-
Bug
-
Resolution: Unresolved
-
Critical
-
4.20
Description of problem:
After upgrading from OpenShift 4.19.22 to 4.20.12, the ingress cluster operator reports Degraded=True due to CanaryChecksSucceeding=False. This occurs because the ingress-canary DaemonSet has desired=0 and does not schedule any pods.
The affected environment is a supported compact cluster topology where all nodes are control-plane and unschedulable, with infra labels and taints as documented in KCS 7109585.
In previous versions (4.17–4.19), the DaemonSet correctly inherited tolerations defined in the IngressController.spec.nodePlacement.tolerations section (e.g.,
{ operator: Exists }), allowing pods to run on tainted infra/master nodes.
In 4.20.12, the ingress-canary DaemonSet appears to use only a fixed toleration (key: node-role.kubernetes.io/infra) and no longer respects custom tolerations defined by the user, resulting in no schedulable nodes and ingress operator degradation.
This breaks compatibility with previously working and supported cluster architectures.
Version-Release number of selected component (if applicable):
4.20.12
How reproducible:
The issue consistently occurs after upgrading from OpenShift 4.19.x to 4.20.12 in compact clusters where all nodes are control-plane (master), unschedulable, and tainted, with the IngressController configured to use custom tolerations (e.g., operator: Exists).
Steps to Reproduce:
1. Deploy an OpenShift 4.19.x cluster using a compact topology:
- All nodes are control-plane (master), tainted as unschedulable.

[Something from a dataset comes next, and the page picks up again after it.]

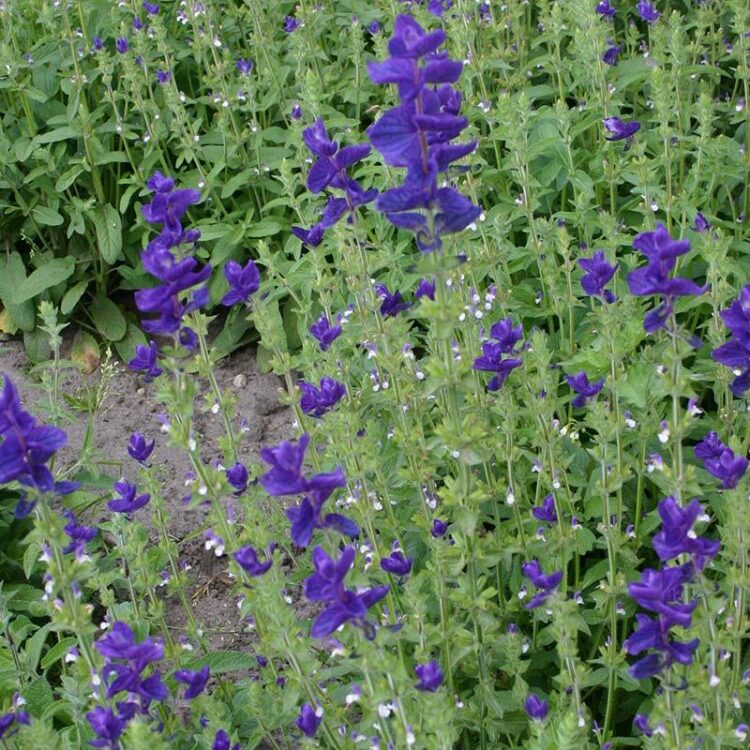 Organic Salvia viridis blue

- Nodes are labeled as infra: node-role.kubernetes.io/infra=""
- IngressController is configured with tolerations:
spec:
nodePlacement:
tolerations: - operator: Exists
2. Confirm that the ingress-canary DaemonSet schedules pods and ingress operator is healthy.

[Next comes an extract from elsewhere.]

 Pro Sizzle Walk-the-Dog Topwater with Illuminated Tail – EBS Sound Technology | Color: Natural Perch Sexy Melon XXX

3. Upgrade the cluster to OpenShift 4.20.12.
4. Observe that:
- The ingress cluster operator becomes Degraded with `CanaryChecksSucceeding=False`.

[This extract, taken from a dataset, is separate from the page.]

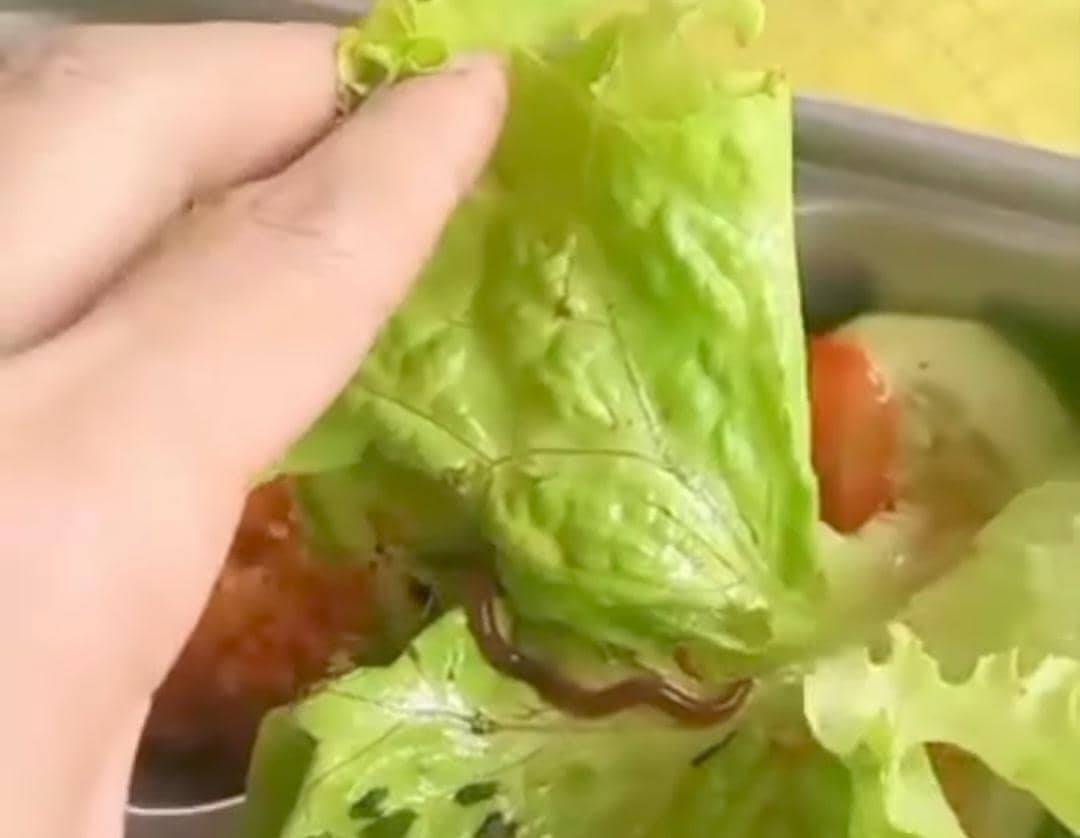 Potongan video penampakan ular dan cacing di menu MBG sekolah di Musi Rawas.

- The ingress-canary DaemonSet shows desired/current pods = 0.
- The toleration from IngressController is no longer respected.
- No pods are scheduled in `openshift-ingress-canary` namespace.
Actual results:
After upgrading to OpenShift 4.20.12, the ingress-canary DaemonSet no longer schedules any pods, and its desired/current count is 0. The ingress cluster operator reports Degraded=True with CanaryChecksSucceeding=False. The custom tolerations defined in the IngressController are ignored, and only a fixed toleration (key=node-role.kubernetes.io/infra) is present in the DaemonSet spec. This causes the canary route health checks to fail, despite the cluster functioning correctly otherwise.
Expected results:
The ingress-canary DaemonSet should inherit and apply the tolerations defined in the IngressController's spec.nodePlacement.tolerations. In a compact cluster with properly tainted infra/control-plane nodes, the DaemonSet should schedule pods accordingly. As in previous OpenShift versions (4.17–4.19), this would ensure the ingress operator remains healthy and canary checks succeed.
Additional info:
https://access.redhat.com/solutions/7109585